Farmers are being warned not to sign over their carbon credits before they understand the true value of the product and the liabilities they may incur by signing contracts.
Ben Keogh, of Australian Carbon Traders, is hot under the collar about a clause in the vegetation agreements put out by several Catchment Management Authorities (CMAs) in NSW and Victoria, which claims for the CMA all or half the carbon credits that arise from the contracted revegetation work.
“One landholder I know of was offered $800 a hectare to revegetate by his CMA, on a site that will return about 550 tonnes of CO2 equivalents during its lifetime,” Mr Keogh said.
“Break that down and the CMA is offering $2.90 a tonne for the carbon – and they are using government money that was put aside for biodiversity and water quality projects.
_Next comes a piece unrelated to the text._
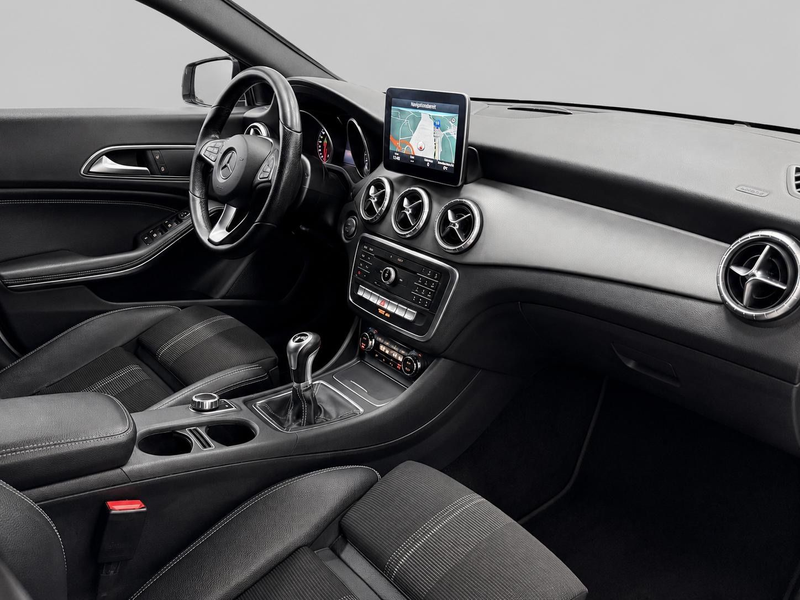 Mercedes-Benz CLA 180 * NAVI * TEMPOMAT * — photo 14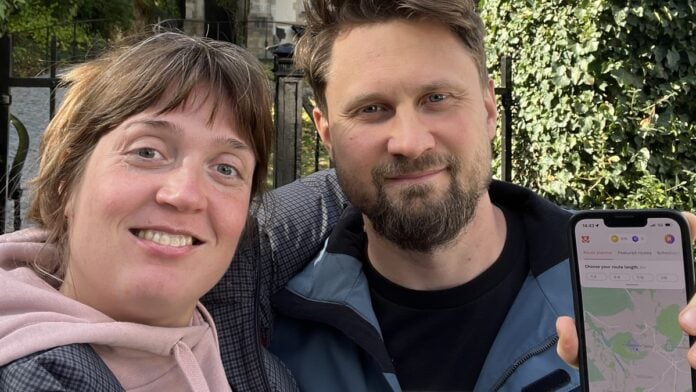 CuriFox: App macht die Stadt zum Rätselspiel Gründerteam von CuriFox: Roman Krivtsov und Ekaterina Glebova, mit der App in der Hand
“They could sell those carbon credits on the open market for up to $30 a tonne.
“When the CMA is proposing paying a fraction of the market price, with no mention of liability if the carbon is lost, and without knowing what they will actually do with the carbon rights, some big questions hang over their intentions.”
Mr Keogh also warned farmers about signing over carbon rights without understanding the implications if agriculture is “covered” under the Federal Carbon Pollution Reduction Scheme (CPRS) at a later date.
Farmers who commit their carbon, or land, for a low price now may find themselves obliged to buy in carbon if agriculture is later included under the CPRS, and the farm has to account for its emissions.
That could lead to farmers having to buy back carbon from those they sold it to earlier in order to balance the CPRS books.